__PROBLEM STATEMENT__. Scan the entries below, and for each line that includes the word "with", make a copy.

__DATA FOR THE TASK__.
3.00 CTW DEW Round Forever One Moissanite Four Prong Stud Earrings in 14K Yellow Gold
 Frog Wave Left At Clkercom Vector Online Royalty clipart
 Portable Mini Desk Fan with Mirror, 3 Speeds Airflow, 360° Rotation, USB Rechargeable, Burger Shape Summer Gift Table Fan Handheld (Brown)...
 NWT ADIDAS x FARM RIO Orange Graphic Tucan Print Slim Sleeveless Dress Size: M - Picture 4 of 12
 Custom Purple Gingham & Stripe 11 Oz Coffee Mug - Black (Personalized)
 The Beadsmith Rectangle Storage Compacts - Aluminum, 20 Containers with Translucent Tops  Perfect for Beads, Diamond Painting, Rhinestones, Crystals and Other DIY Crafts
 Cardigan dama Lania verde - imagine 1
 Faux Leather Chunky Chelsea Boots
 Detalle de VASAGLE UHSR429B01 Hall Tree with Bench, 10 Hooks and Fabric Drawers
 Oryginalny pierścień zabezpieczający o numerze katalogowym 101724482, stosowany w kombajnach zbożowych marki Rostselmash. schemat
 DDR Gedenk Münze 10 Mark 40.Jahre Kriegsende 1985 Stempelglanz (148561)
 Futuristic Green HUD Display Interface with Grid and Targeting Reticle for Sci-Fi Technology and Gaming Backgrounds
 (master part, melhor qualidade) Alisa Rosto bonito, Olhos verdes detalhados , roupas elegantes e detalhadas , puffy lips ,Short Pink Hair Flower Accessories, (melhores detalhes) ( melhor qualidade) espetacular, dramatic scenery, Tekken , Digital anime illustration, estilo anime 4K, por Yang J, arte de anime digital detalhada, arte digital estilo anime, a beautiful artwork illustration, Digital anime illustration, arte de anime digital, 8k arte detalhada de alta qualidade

__RESULT__.
 Portable Mini Desk Fan with Mirror, 3 Speeds Airflow, 360° Rotation, USB Rechargeable, Burger Shape Summer Gift Table Fan Handheld (Brown)...
 The Beadsmith Rectangle Storage Compacts - Aluminum, 20 Containers with Translucent Tops  Perfect for Beads, Diamond Painting, Rhinestones, Crystals and Other DIY Crafts
 Detalle de VASAGLE UHSR429B01 Hall Tree with Bench, 10 Hooks and Fabric Drawers
 Futuristic Green HUD Display Interface with Grid and Targeting Reticle for Sci-Fi Technology and Gaming Backgrounds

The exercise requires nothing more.